HONG KONG–ZHUHAI–MACAU BRIDGE (HZMB) AS A
TRANS-BORDER
PARADIGM SHIFT
Fall 2015
Topics in Modernism - Hong Kong: Uncertain(ci)ty
Advisor: Cole Roskam
PROJECT STATEMENT
The Chek Lap Kok Airport is one of the world’s busiest passenger airports and is often praised for its modernity, efficiency and speed.
However, from its early beginnings, the airport’s political significance has been widely debated, e.g. sovereignty over financial control before handover in the 1980s, public interests in the three runway system in 2010s, deportation of political dissents in 2000s, etc.
With the future Hong Kong-Zhuhai-Macau Bridge (HZMB) in completion, this paper aims to reveal and examine the architectural and planning aspects that indicate the political uncertainty in Hong Kong, and in mediating different scales of trans-border migrancy, both ‘as a subject of study and as a methodological trope’[1], in terms of three strategic discourses.
The argument is that, the Chek Lap Kok Airport is the apotheosis of bureaucracy; however, contested tensions often anticipate the crisis of sovereign and governmental legitimacy.

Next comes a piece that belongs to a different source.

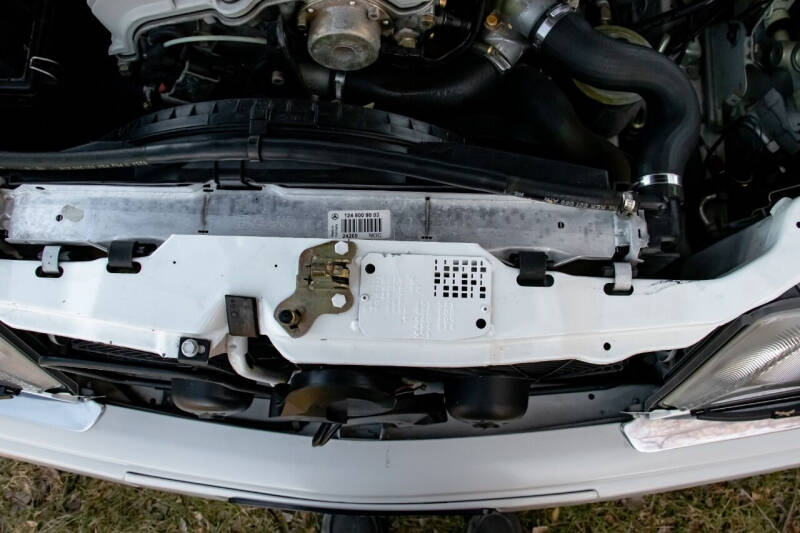 1995 Mercedes-Benz E-Class E 320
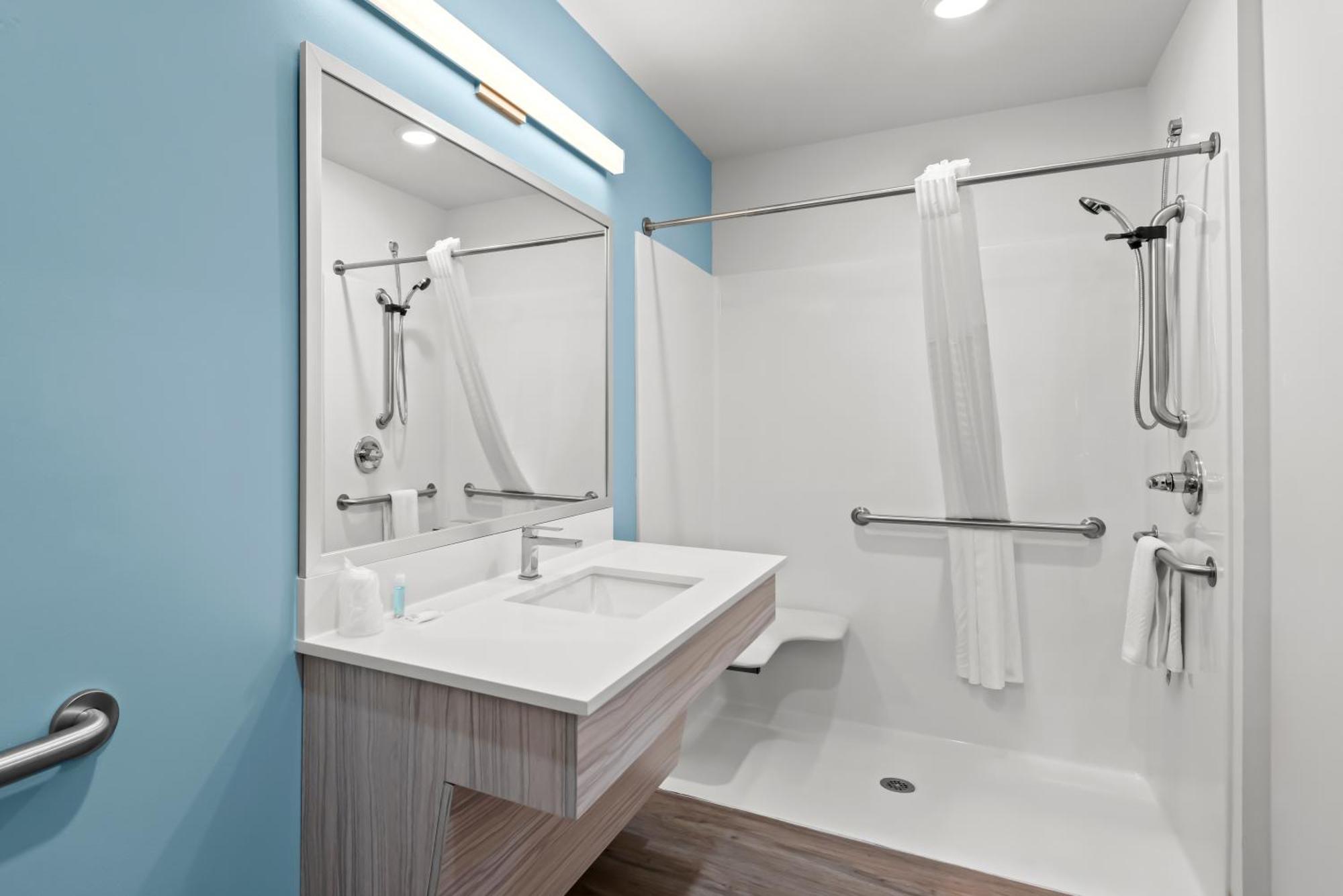 Woodspring Suites Coralville Iowa City Bagian luar foto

China’s Pearl River Delta Ferry Network and Zhuhai-Macau Cross Boundary Facilities (ZMBCF), are the typical products of corporatism.
The HZMB, with socially interactive projections, is anticipated to be the assemblage of bureaucracy and corporatism, and is also projected to be a new ‘city’ charged with political, economical, social and sustainable forces.